Afro Santé : comment avez-vous vécu les conséquences de cette épreuve ?

« C’était extrêmement difficile. À cet âge, je ne comprenais même pas ce que signifiait être enceinte. Je ne savais rien de tout cela. J’ai dû affronter une situation que je n’avais jamais imaginée. Heureusement, j’ai été suivie médicalement pendant toute cette période.

Malgré cela, j’ai ressenti beaucoup de peur, de confusion et de souffrance. J’ai porté quelque chose que je ne comprenais pas, avec un corps d’enfant et un esprit d’enfant. Avec le temps, j’ai donné naissance à un garçon, par intervention médicale. C’était une épreuve de plus, mais aussi le début d’une nouvelle responsabilité que je n’avais pas choisie. »

Afro Santé : quel impact cela a-t-il eu sur votre vie et celle de votre enfant ?

« Les conséquences de ce que j’ai vécu ne se sont jamais arrêtées. Elles ont continué à affecter ma vie, année après année. J’ai essayé d’avancer, de reconstruire ma vie.

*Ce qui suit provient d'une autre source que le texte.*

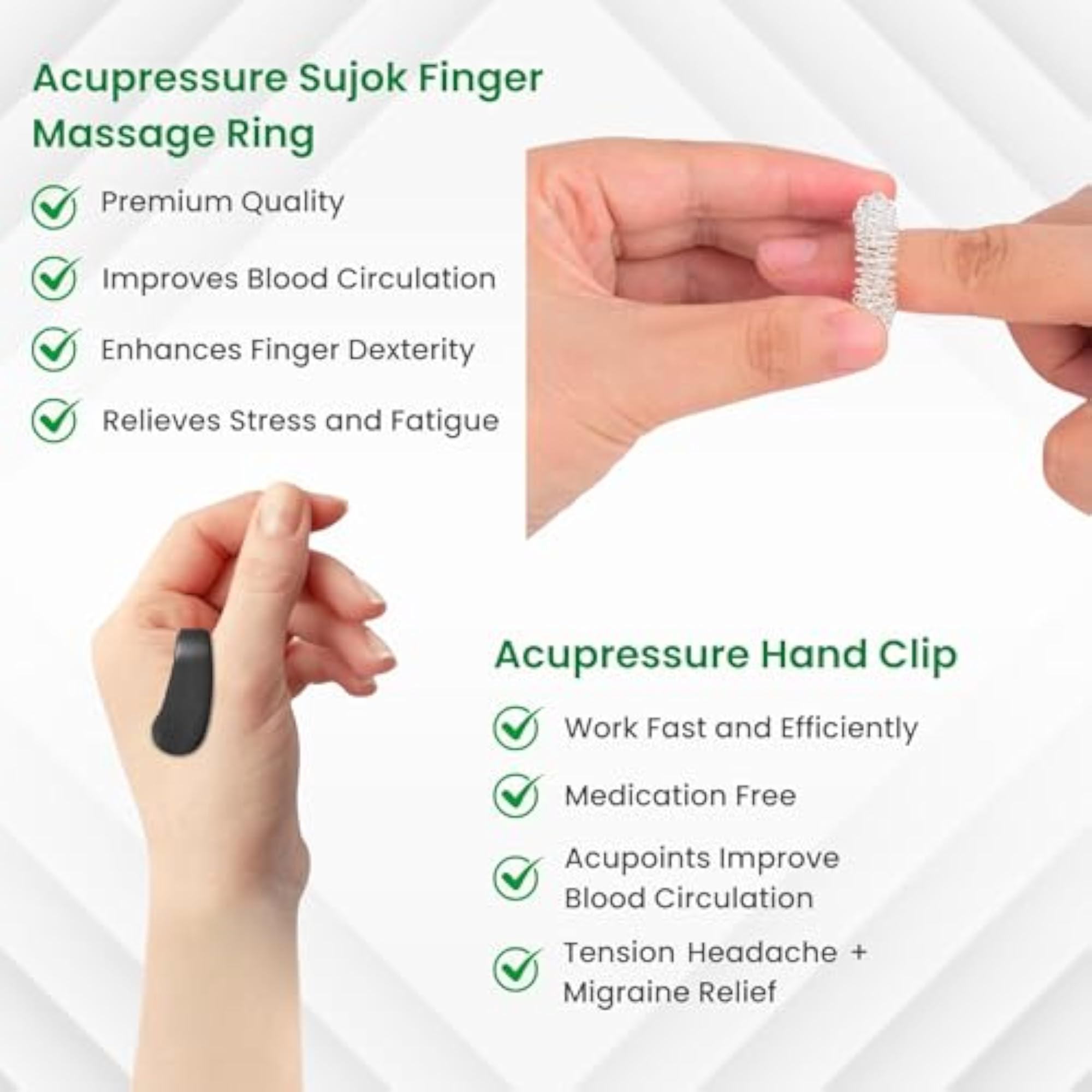 ValueLinker Sugar Control LI4 Acupressure Clip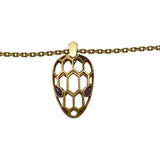 ブルガリ BVLGARI セルペンティネックレス ピンクゴールド Au750/アメシスト ジュエリー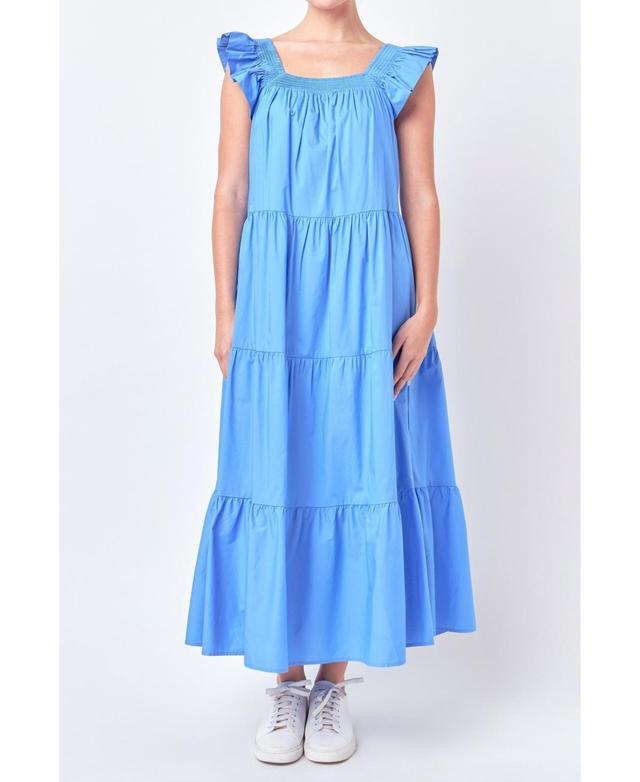 English Factory Ruffle Detail Midi Dress Product Image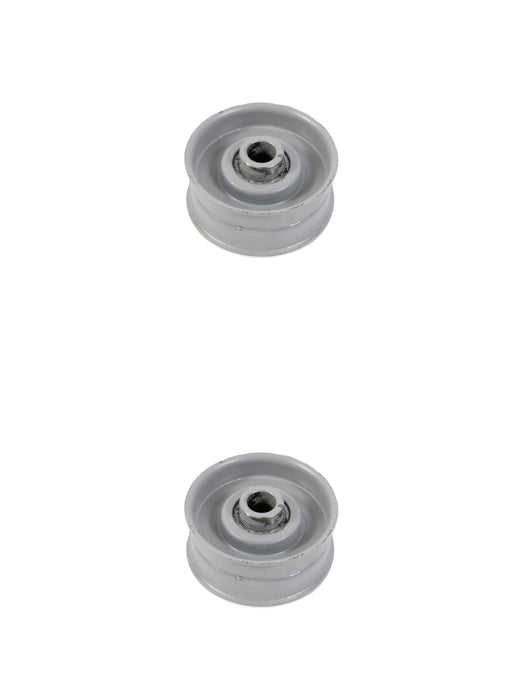 2 Pack Flat Idler Pulley For MTD 956-0199 Toro 7-0056 956034 Snapper 1716615SM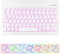 Dhqkqg 10'' Ultra-Slim Bluetooth Keyboard, Bluetooth Keyboard 7 Colours Backlight, Rechargeable Wireless Keyboards Compatible with i-Pad, Tablet & More iOS, Android, Windows Devices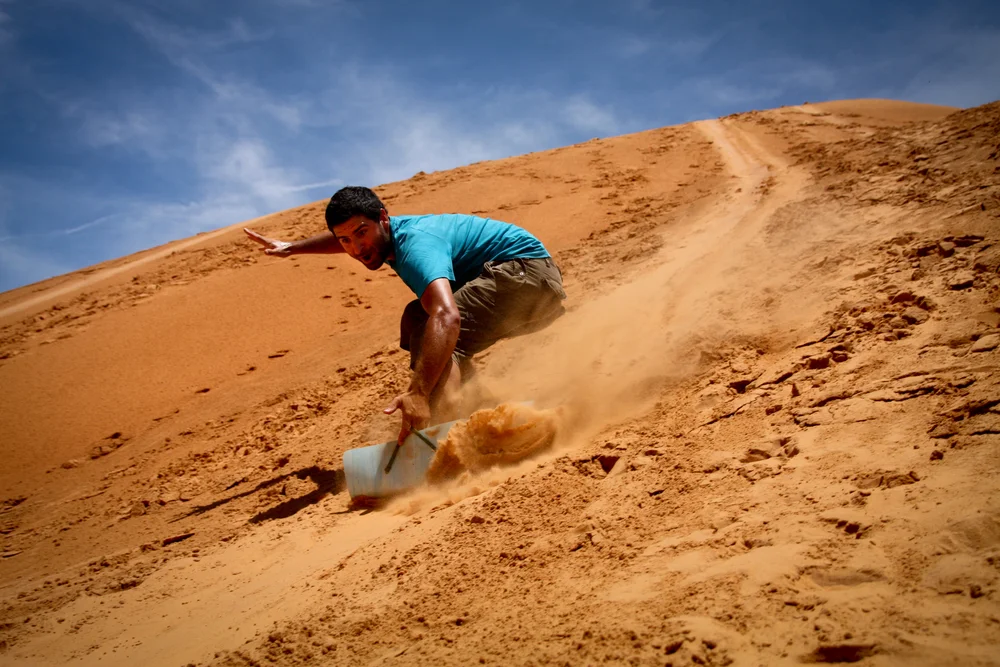 Sandboarding in Mui Ne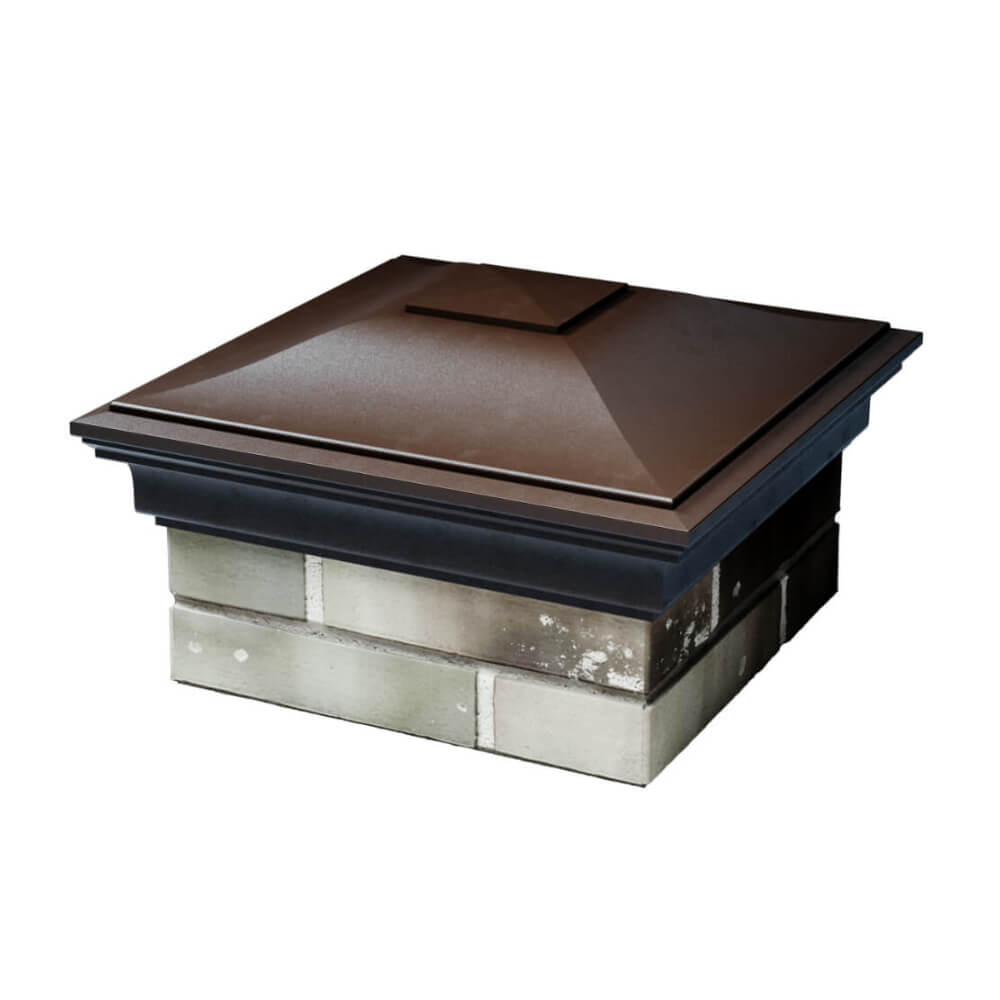 Колпак Zking Монблан Коричневый на столб 1.5х1.5 еврокирпича 0.7НФ (355х355мм) в Новочебоксарске фото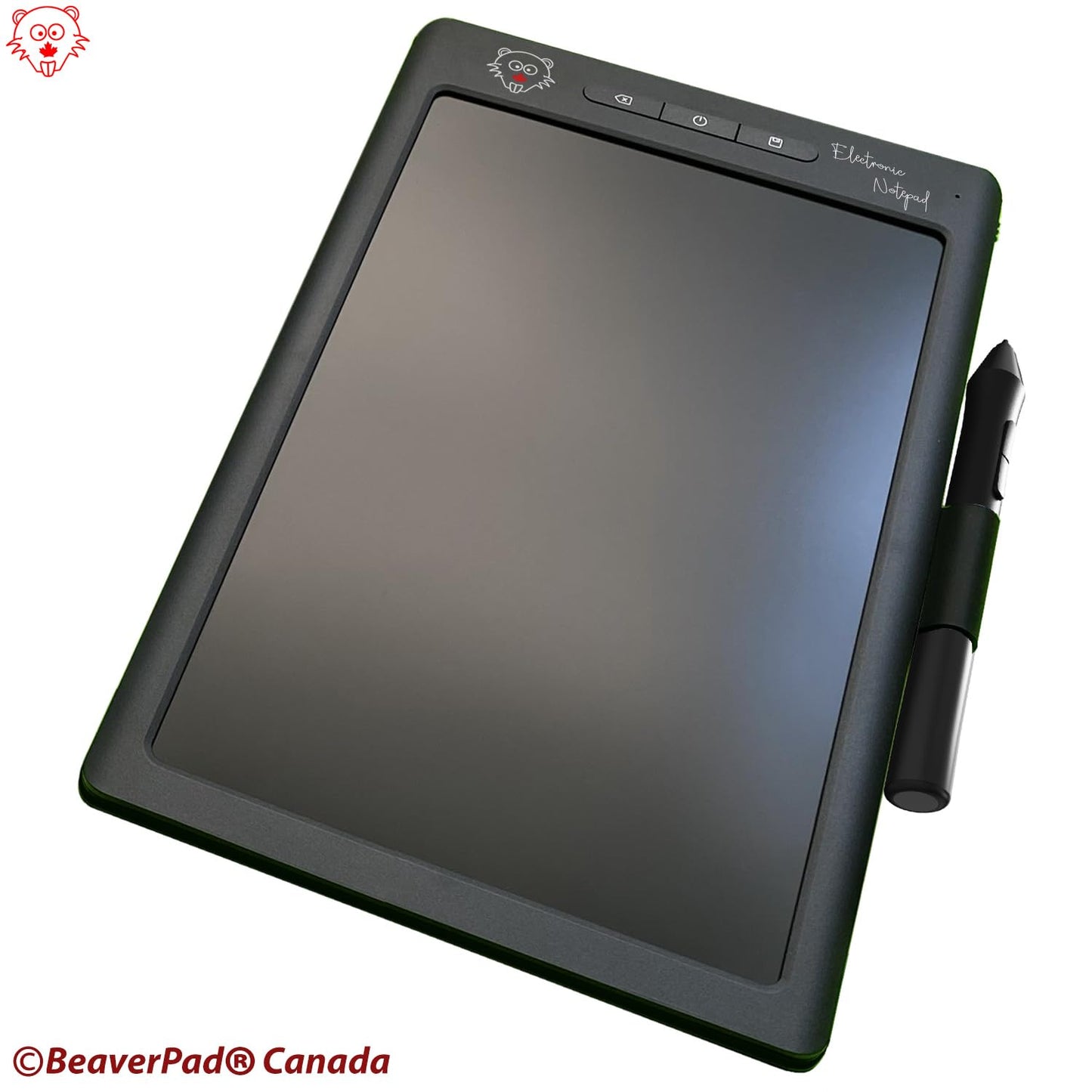 BeaverPadⓇ LCD Writing Pad/Drawing Board (Ewriter) and Graphics Tablet with Memory, Save and Bluetooth Function (Grey)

J’ai rencontré quelqu’un, je me suis mariée, et j’ai fondé une famille. Mais le passé ne disparaît pas.

Mon enfant a grandi avec des questions, et surtout avec le regard des autres. Dans le quartier, certains ont tenu des propos blessants à son égard. Cela l’a profondément affecté. De mon côté, je n’avais pas la force de lui expliquer toute la vérité. J’ai gardé le silence pendant longtemps, pensant le protéger.

Mais ce silence a créé encore plus de souffrance. Avec le temps, il a développé de la colère, de l’incompréhension. Aujourd’hui, il traverse des difficultés importantes, notamment sur le plan psychologique. Cela affecte notre relation, et c’est une douleur constante pour moi. Je porte encore les conséquences de ce que j’ai vécu, et lui aussi. »

Afro Santé : quel message souhaitez-vous transmettre ?

« Je veux dire aux parents que la vigilance est essentielle. Il faut parler avec les enfants, leur expliquer qu’ils ne doivent pas suivre un inconnu, même si cette personne semble gentille. Un simple bonbon, un cadeau, une promesse peuvent être utilisés pour les piéger.

Je veux aussi dire aux victimes qu’il ne faut pas rester silencieuses. Moi, je suis restée silencieuse trop longtemps, et cela a aggravé les choses. Parler, se confier à une personne de confiance, chercher de l’aide… c’est très important.

Si mon témoignage peut aider ne serait-ce qu’un enfant ou une famille à éviter cela, alors il aura servi à quelque chose. »

Ce témoignage rappelle que les violences sexuelles faites aux enfants peuvent commencer par des situations simples et trompeuses. La prévention passe par l’éducation, le dialogue et la vigilance. Protéger un enfant, c’est lui donner les moyens de comprendre, de se défendre et surtout de parler sans peur.